Carbon market oversight responsibilities, including prevention of fraud and manipulation, would reside with the Federal Energy Regulatory Commission.
Increasing Energy Efficiency
The discussion draft contains numerous provisions to improve energy efficiency. The draft would establish and allocate allowances to State Energy Efficiency Development (SEED) Funds. Individuals and businesses could obtain low, or no, interest loans from SEED Funds to upgrade the efficiency of buildings, appliances, industrial processes, or vehicles. States are encouraged by the draft to implement efficiency gains by conditioning the receipt of allowances on changes in electricity ratemaking and building codes. In later years, States also would receive allowances based on improvements in consumer, residential, industrial, and transportation system energy efficiency.
The discussion draft would increase building code energy efficiency standards by 30 percent by 2010 and 50 percent by 2020, and includes provisions to assess and advertise the energy efficiency of residential and commercial buildings in the marketplace.
Spurring the Deployment of Clean Technologies
The discussion draft would establish a bonus allowance system in which power plants and other large emitters would be rewarded for carbon capture and storage, but at the same time would limit excess subsidies to emitters and provide greater certainty for project financing. Generators of electricity from renewable energy sources, including wind and solar, would also be rewarded through a separate bonus allowance pool. Incentives would also be provided for the deployment of clean technologies in the transportation sector.

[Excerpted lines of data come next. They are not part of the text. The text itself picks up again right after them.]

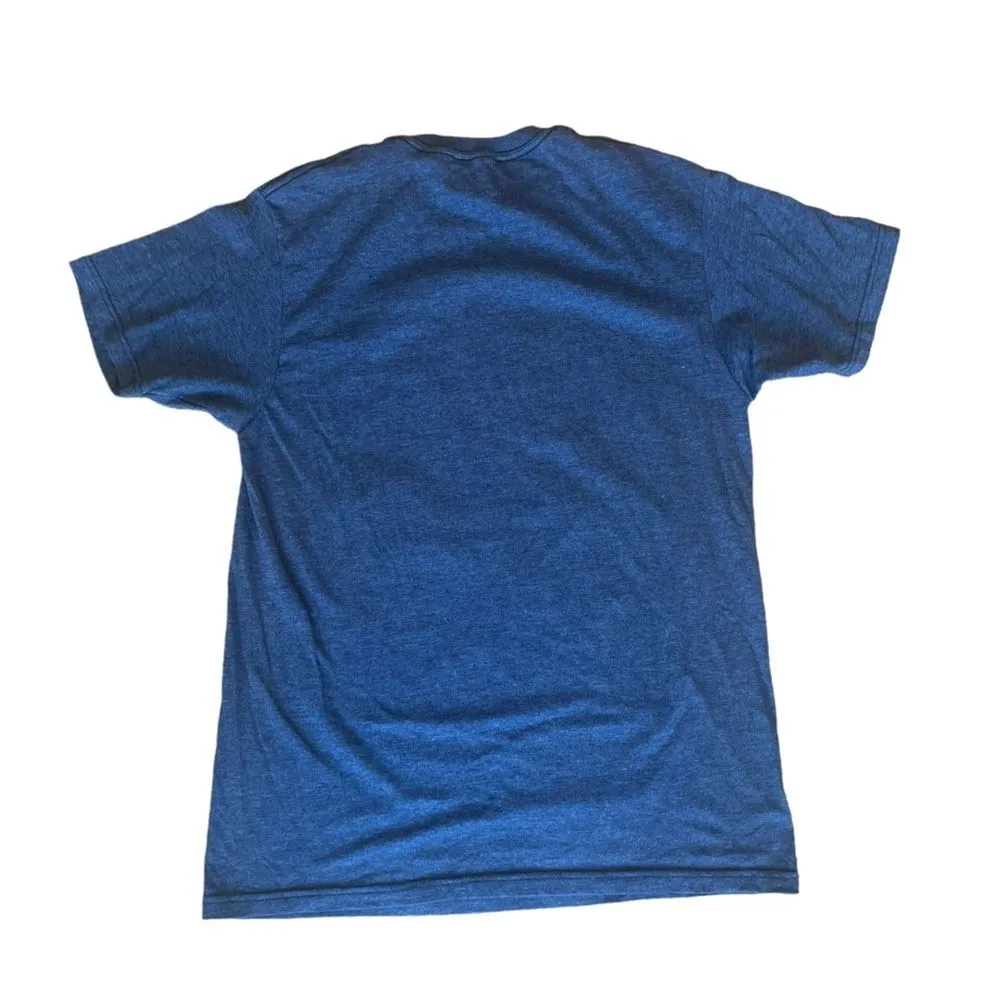 Disney Villains Graphic T Shirt Tee Shirt Womens Size Medium - Image 2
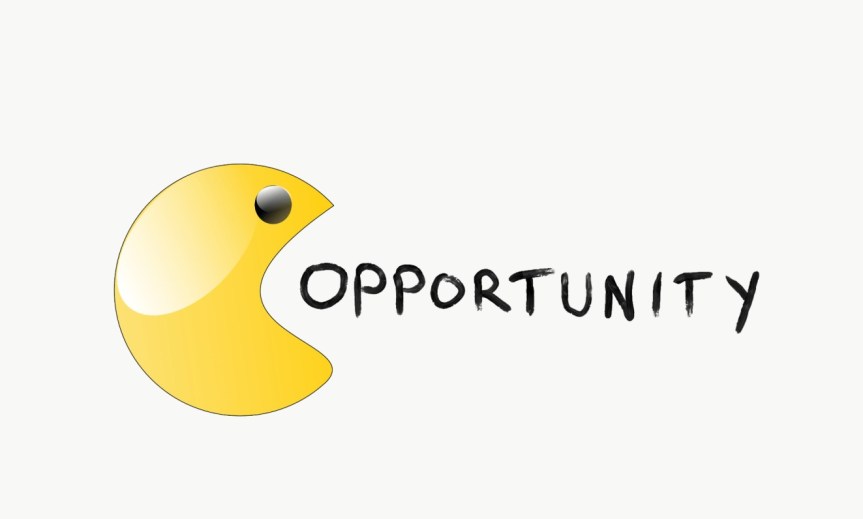 Stop Chasing Opportunities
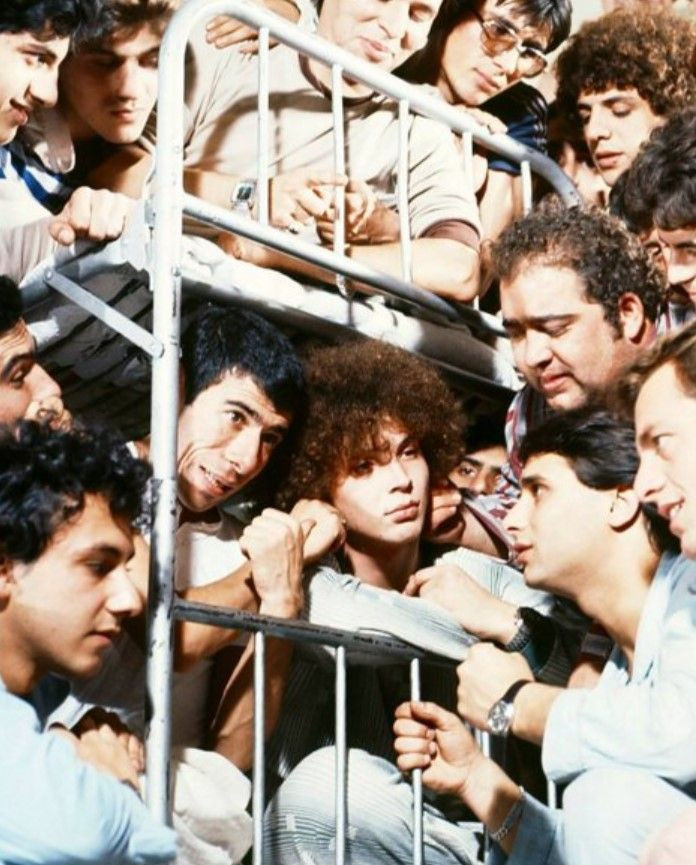 Son halini gören tanıyamadı! Hababam Sınıfı'nın Ömer'i oyunculuğu bıraktı şimdi bakın ne yapıyor - Resim: 4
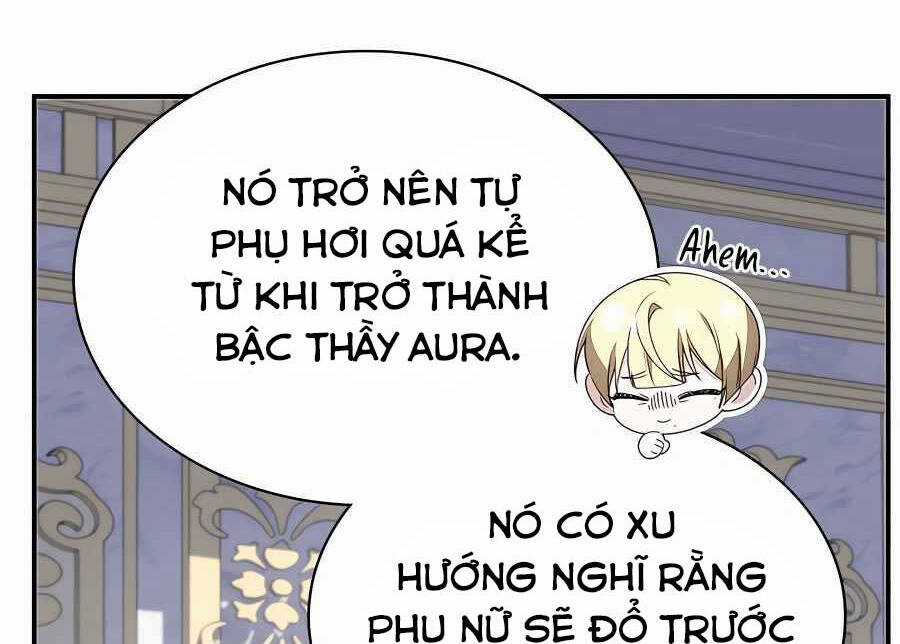 Giấc Mơ Trong Game Trở Thành Hiện Thực Máy chơi trò chơi điện tử tốt nhất Chapter 33 trang 40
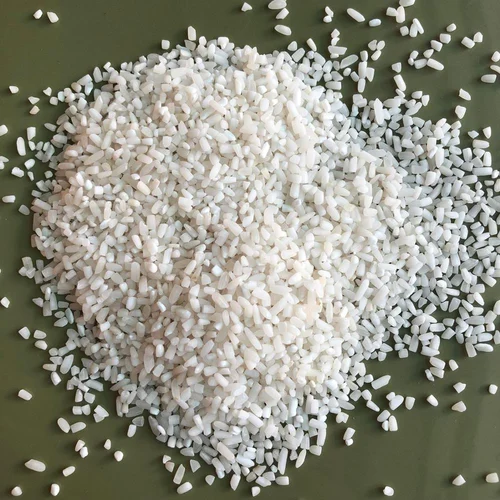 100% broken rice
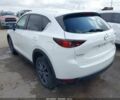 Білий Мазда СХ-5, об'ємом двигуна 2.5 л та пробігом 39 тис. км за 4500 $, фото 2 на Automoto.ua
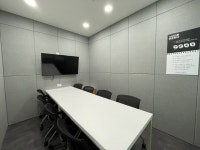 화이트펜슬 스터디카페 수영민락점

Allocating Emission Allowances
The discussion draft presents four options for allocating allowance value. The first option focuses on minimizing compliance costs for regulated entities by allocating allowances without charge, following the model of the sulfur dioxide control program. The second option would provide fewer allowances to entities in covered sectors and direct more allowance value towards complementary programs that would help reduce greenhouse gas emissions; the third option would also direct allowance value to adaptation programs and international programs. A final option would use the majority of allowance value for a rebate to consumers. There are three key constants across all four options: support is given to energy efficiency and clean technology initiatives; allowance value is used for low-income protection; and unless Congress reauthorizes the bill, all allowances are auctioned from 2026 on and proceeds are returned to taxpayers on a per capita basis. This last provision is designed to encourage a Congressional program reauthorization prior to 2026.
Implementing the Climate Change Program
Various provisions were crafted to simplify administration of, and compliance with, the program. Particular attention was given to minimizing the creation of new institutions, streamlining regulatory development and program implementation, and building upon existing institutional expertise. In addition, rather than layering a program to reduce greenhouse gases on top of the existing Clean Air Act, the draft bill would directly modify existing authority so there would be one sensible, comprehensive Federal program.
To avoid jobs and emissions moving overseas as a result of a mandatory U.S. climate change program, the discussion draft relies on various combinations of allocations to industry and border adjustments for carbon-intensive products.